2001-10-20 Thread Peter Surda

On Fri, Oct 19, 2001 at 06:45:07AM -0700, Billy Biggs wrote:
> > > The +/-5ms error here is visible, especially on big cinematic pans.
> > I REALLY doubt what you perceive as an error is a 5ms difference.
>   No?  I'll post up a good example later today.  Consider a pan where
> the time between frames goes like this: 40ms, 45ms, 35ms, 45ms, 42ms...
> So, the second frame is shown for much longer than the first or third.
it's a 1frame difference if you have 100Hz refresh. I REALLY doubt a human eye
can see the difference. I bet it is something else causing you to see
disturbances.
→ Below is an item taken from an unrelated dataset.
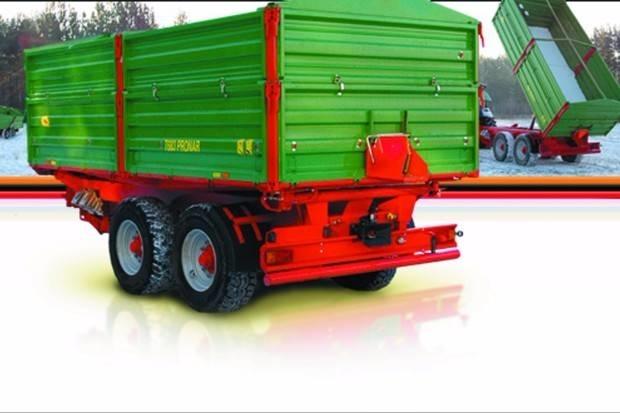 Pronar T683 Tipvogne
To see the 80ms disturbance I was talking about (missed frame on
TVout) you already have to watch out a little. 10ms (45 - 35) is 8 times as
difficult.

Please don't understand me wrongly: I agree that the current situation is
insufficient. I simply think that the cause of your problems is not exactly
what you think :-).

>   Speaking of TV output, if you're outputting interlaced material to a
> TV then you MUST have accurate vsync, field dominance, and some way of
> ensuring you never miss a field.  Otherwise you get crazy effects of
> people jumping back in time when you miss a field blit.
My ATI does this on HW (AFAIK), i.e. it understands it can't blit both on even and odd
frames.

>   Ideally for playing 24fps on a 25fps output,
You don't have 24fps source usually. DVDs, dvd rips and tv caps are either 25
or 29.9 (PAL vs NTSC). But I agree that a 24fps on TV will look sucky unless
you modify playback speed.

Bye,

Peter Surda (Shurdeek) <[EMAIL PROTECTED]>, ICQ 10236103, +436505122023

--
   Intel: where Quality is job number 0.9998782345!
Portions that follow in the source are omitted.